For the next five years, the period covered by the fellowship, Guarino expects to take part in numerous online and in-person professional development experiences, as well as discussions and classroom visits with her colleagues in the program.

She is also enthusiastic about the financial benefits and already has plans for some of that support.

“I’ll be going to Columbia [University] for graduate school in the fall, and this will help me pay for that,” she said. “Thanks to this program, I can afford a good school like Columbia.”

As for classroom materials, Guarino said her school, like most public schools, has limited resources and can make good use of any additional money. Her school, South Bronx Preparatory, is in a low-income area, and the vast majority of its students are considered economically disadvantaged.
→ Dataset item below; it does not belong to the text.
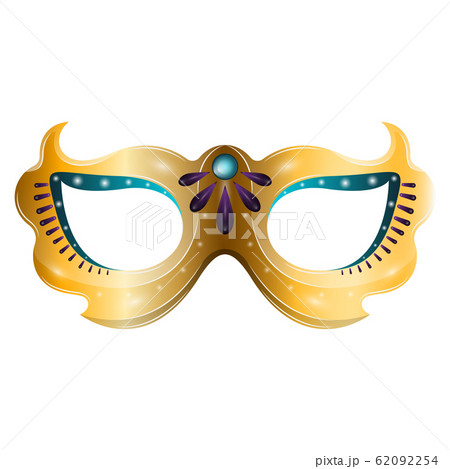 Isolated golden carnival mask 62092254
“My classroom needs so many things,” Guarino said, adding that she and other teachers routinely buy supplies with their own money. She’s already decided on her first purchase through the Knowles stipend — a document projector that will let her show her own and students’ work to the entire class during lessons.

Teaching math is a challenge, especially because so many students assume they’re bad at the subject and that they will find classes difficult and uninteresting, Guarino said. But that’s exactly what she likes about her job.

“I love math, and I love teaching math because it is a challenge,” she said. “I want to show my students that they can enjoy math and be good at it. It wouldn’t be fun to teach something that was easy.”

More about the Knowles fellowship

The Knowles Science Teaching Foundation, established in 1999, aims to increase the number of high-quality high school science and mathematics teachers in order to improve science, technology, engineering and math (STEM) education in the United States.

The Teaching Fellows Program, the foundation’s signature program, targets young teachers and empowers them to become leaders in strengthening the teaching profession.

The program also seeks to address the national problem of teachers who leave the profession before they develop expertise, and the gap in which children of color and children living in poverty are disproportionately taught by the least experienced teachers.